Philippines' annual inflation eased for a second straight month in June with the consumer price index rising 2.8 percent in June, the lowest since January. The central bank had a 2.4 to 3.2 percent estimate for June, Reuters reported. On June 22, policymakers left key interest rates unchanged and cut their 2017 inflation forecast this year to 3.1 percent from 3.4 percent.
This comes as Espenilla told Reuters last month that the central bank was watching the rapid pace of domestic credit growth closely. Bank lending in the Southeast Asian country has been rising at a double-pace for at least two years, Reuters calculations show. Most of the loans are going to real estate, manufacturing and information and communication, added the news agency.
Espenilla told CNBC that, rather than reacting, the agency is looking at the quality of management of the credit.
"We always look as well at the underlying underwriting beneath that credit expansion — where is credit going and for what purpose," said Espenilla.
"We cannot simply react...The credit-to-GDP ratio of the Philippines is actually relatively low compared to the rest of the region. The economy, financial systems are developing and the credit markets are just on catch-up mode and deepening," he added.
That does not, however, justify excessive credit growth, and the central bank has a protocol to assess the risk, he added.
Regarding interest rates, the Philippines will stick to its own assessment of the country's economy in determining interest rate policy, said Espenilla.

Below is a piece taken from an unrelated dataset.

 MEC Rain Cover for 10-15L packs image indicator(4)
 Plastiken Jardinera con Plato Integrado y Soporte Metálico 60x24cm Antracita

"If you ask me about whether it's time to adjust interest rates in reference to what's going on outside the country, my response will be not necessarily because what matters to the BSP is really the dynamics of our own data and looking at the path of inflation," Espenilla added.
Espenilla said the central bank announces and communicates its estimate of the country's inflation path two years in advance, signaling its policy intentions. Policy assessment is carried out regularly.